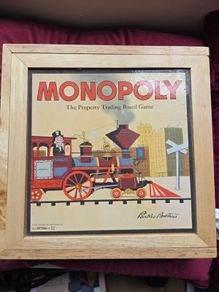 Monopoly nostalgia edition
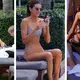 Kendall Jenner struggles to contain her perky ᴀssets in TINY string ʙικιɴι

===

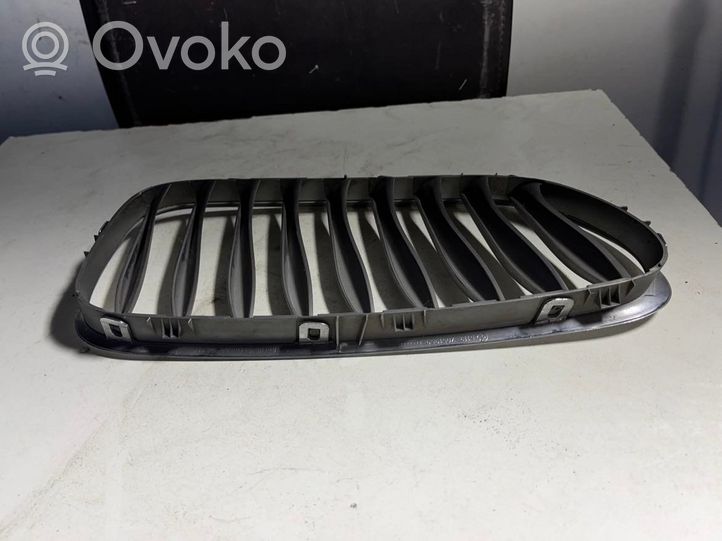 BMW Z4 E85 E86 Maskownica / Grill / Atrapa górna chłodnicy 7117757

===

• WORK ITEM:
In the records above, everything from the line with "Monopoly nostalgia edition" down to the line with "Kendall Jenner struggles" must be duplicated exactly, both lines kept. Leave no pictures in.

• REPLY TO THE TASK:
 Monopoly nostalgia edition
 Kendall Jenner struggles to contain her perky ᴀssets in TINY string ʙικιɴι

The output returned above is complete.